Supplied material:
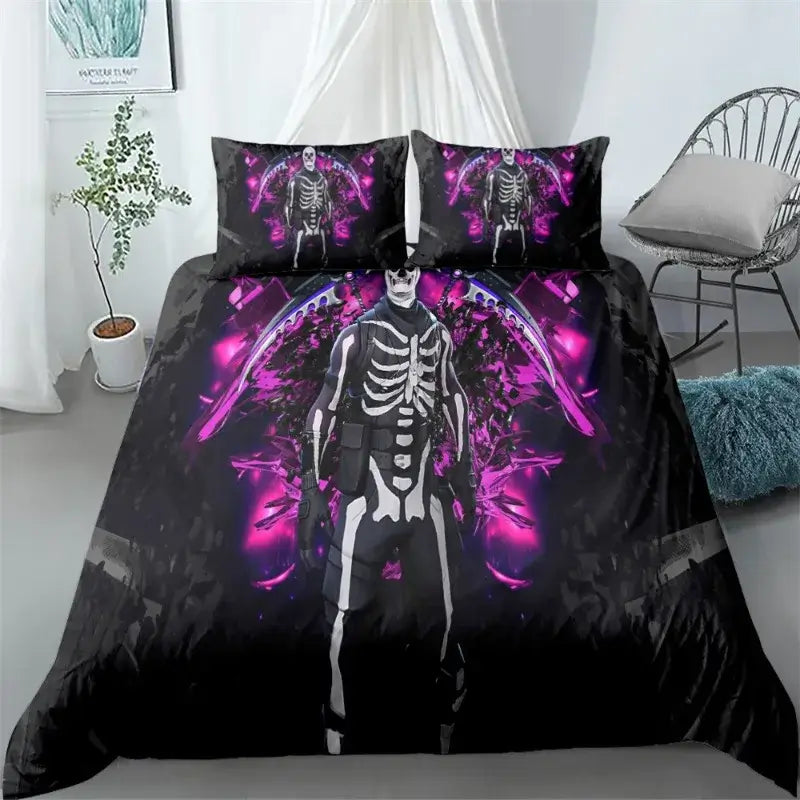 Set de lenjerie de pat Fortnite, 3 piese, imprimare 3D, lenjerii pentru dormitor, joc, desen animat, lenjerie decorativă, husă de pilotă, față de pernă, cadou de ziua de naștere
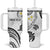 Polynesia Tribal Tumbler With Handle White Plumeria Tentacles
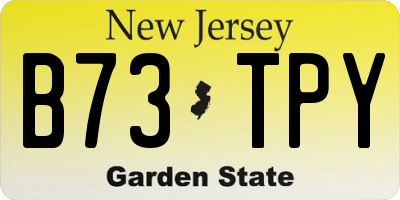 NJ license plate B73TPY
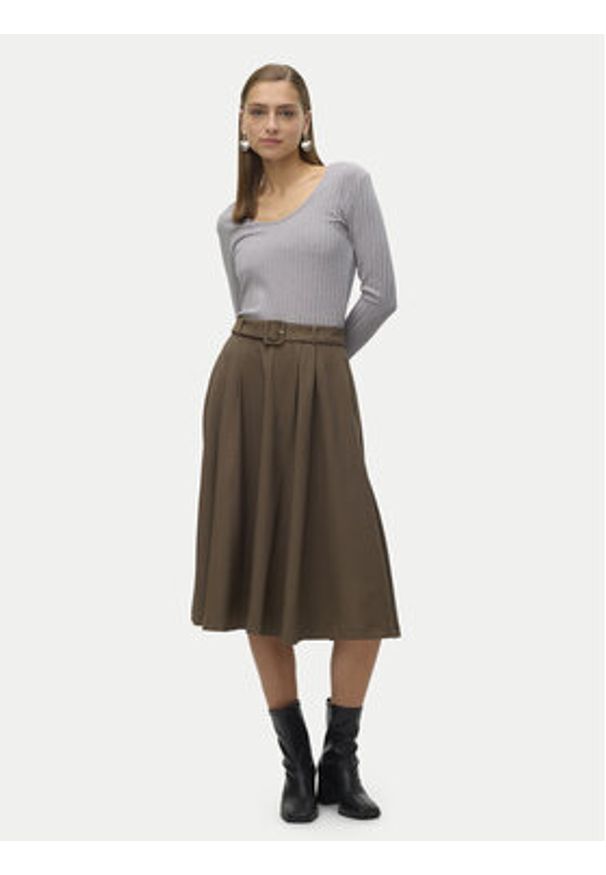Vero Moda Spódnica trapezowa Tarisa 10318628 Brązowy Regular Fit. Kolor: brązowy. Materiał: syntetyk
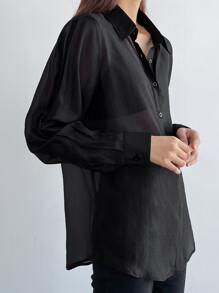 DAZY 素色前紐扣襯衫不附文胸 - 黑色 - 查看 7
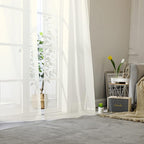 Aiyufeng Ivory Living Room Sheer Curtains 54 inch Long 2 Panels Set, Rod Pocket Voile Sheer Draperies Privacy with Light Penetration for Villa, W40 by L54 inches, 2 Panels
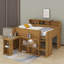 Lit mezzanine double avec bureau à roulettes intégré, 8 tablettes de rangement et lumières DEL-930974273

* * *

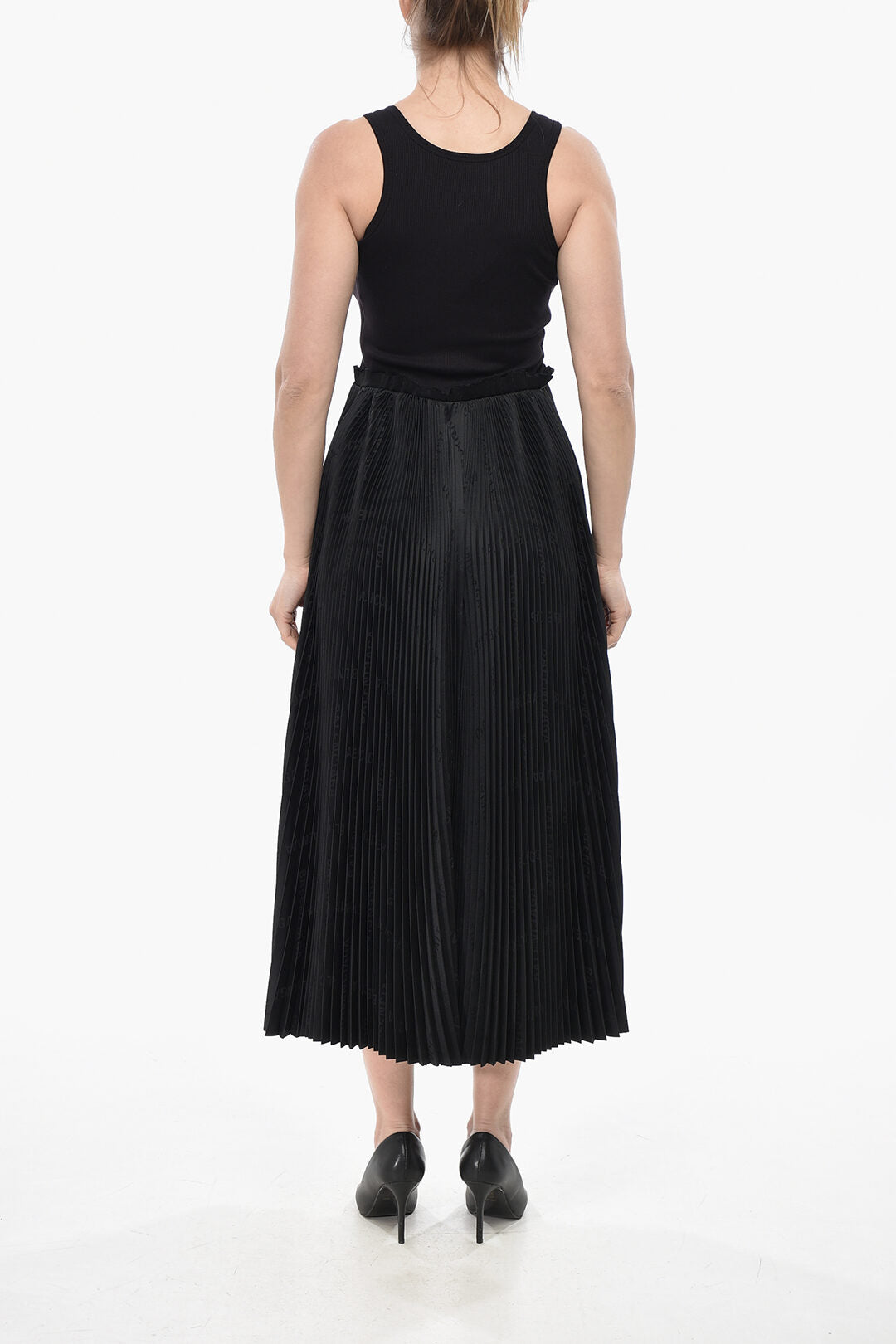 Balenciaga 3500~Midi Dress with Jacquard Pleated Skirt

Directions:
Exact repeat of the material above: every line from the one with "Vero Moda Spódnica" through the one with "Lit mezzanine double", endpoints included, and nothing more. No pictures.

Task response:
Vero Moda Spódnica trapezowa Tarisa 10318628 Brązowy Regular Fit. Kolor: brązowy. Materiał: syntetyk
 DAZY 素色前紐扣襯衫不附文胸 - 黑色 - 查看 7
 Aiyufeng Ivory Living Room Sheer Curtains 54 inch Long 2 Panels Set, Rod Pocket Voile Sheer Draperies Privacy with Light Penetration for Villa, W40 by L54 inches, 2 Panels
 Lit mezzanine double avec bureau à roulettes intégré, 8 tablettes de rangement et lumières DEL-930974273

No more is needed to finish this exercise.